The course sequence involves a close partnership between Kota Kita, Professor Beard, and participating students. Kota Kita engages with students pre-departure, accompanies them on a two-week study trip in Solo as they carry out fieldwork, and continues to offer input and support after they return. While the overall purpose of the workshop, in Professor Beard’s words, is “to expose students to the complexity as well as the nuances of planning with poor communities in the global South,” the workshop primarily focuses on riverbank communities in Solo.
Due to the continued expansion of informal settlements in Indonesia and the consequent dependence of many of their residents on local waterways for water and sanitation, this focus on riverbank communities helps students develop tools necessary to understand urban issues facing poor communities in numerous contexts. The recent planning process in Solo, undertaken by the then-mayor, now President of Indonesia Joko Widodo, makes the city a particularly interesting and rich place to study urbanization and planning.

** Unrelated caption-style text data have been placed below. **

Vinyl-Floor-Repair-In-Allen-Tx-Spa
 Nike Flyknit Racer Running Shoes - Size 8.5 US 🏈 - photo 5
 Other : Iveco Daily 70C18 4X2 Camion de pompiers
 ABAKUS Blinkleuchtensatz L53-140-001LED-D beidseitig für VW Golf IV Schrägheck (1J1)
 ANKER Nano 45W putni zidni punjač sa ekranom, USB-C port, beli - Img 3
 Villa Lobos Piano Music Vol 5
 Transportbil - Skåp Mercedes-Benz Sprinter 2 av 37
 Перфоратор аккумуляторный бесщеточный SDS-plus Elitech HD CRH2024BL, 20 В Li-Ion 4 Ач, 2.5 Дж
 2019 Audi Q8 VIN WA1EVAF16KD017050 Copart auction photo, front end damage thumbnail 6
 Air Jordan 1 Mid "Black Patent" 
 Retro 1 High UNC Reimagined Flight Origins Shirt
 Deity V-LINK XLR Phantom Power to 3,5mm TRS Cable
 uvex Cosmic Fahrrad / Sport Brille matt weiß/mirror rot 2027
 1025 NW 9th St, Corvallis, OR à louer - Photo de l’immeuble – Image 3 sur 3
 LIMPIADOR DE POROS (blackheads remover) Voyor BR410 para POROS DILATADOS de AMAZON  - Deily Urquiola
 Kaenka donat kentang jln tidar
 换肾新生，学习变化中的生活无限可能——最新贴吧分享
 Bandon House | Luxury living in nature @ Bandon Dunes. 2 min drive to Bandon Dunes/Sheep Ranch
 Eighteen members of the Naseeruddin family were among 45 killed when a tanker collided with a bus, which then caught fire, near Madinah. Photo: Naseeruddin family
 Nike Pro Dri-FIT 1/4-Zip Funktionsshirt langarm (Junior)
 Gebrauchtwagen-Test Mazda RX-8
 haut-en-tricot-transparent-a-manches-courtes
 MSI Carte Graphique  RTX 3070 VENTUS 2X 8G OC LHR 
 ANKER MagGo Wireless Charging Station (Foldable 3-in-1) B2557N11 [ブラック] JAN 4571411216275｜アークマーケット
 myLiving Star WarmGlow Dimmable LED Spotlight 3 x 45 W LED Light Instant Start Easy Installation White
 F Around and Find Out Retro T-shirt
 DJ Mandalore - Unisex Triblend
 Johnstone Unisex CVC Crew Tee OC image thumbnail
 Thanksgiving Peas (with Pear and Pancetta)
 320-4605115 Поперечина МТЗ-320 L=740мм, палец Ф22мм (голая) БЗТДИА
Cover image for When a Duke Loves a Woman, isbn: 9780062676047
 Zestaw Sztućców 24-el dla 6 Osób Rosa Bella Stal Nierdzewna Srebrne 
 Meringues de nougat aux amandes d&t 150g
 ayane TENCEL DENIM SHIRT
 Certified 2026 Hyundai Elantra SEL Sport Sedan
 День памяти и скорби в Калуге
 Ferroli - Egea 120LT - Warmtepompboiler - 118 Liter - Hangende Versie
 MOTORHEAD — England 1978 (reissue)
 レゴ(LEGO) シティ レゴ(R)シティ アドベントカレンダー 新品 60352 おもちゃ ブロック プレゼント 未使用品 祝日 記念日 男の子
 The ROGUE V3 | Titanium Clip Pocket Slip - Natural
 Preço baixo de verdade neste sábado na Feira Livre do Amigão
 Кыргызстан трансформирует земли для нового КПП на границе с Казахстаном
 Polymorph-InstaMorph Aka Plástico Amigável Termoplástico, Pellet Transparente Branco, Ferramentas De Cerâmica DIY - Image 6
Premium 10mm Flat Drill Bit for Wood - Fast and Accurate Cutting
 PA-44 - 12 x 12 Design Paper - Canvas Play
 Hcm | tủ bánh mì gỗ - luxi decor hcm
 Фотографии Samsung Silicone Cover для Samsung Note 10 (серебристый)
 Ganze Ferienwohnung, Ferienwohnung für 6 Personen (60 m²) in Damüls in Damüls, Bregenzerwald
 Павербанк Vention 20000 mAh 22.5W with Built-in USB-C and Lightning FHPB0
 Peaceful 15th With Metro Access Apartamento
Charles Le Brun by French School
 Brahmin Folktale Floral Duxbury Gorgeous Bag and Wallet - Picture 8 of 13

Past workshops have resulted in tangible deliverables such as exhibitions, memos communicating findings to the Indonesian stakeholders, and an Advocacy Planning Handbook. This handbook, created in collaboration with Kota Kita, shares pro-poor and advocacy planning experiences with Indonesian activists working for underprivileged and underrepresented communities. Given the dynamic nature of the ongoing partnership of the course, the outcomes of each year are different as students appreciate firsthand how planners can work for social transformation through two-way exchanges of knowledge, people, and experiences.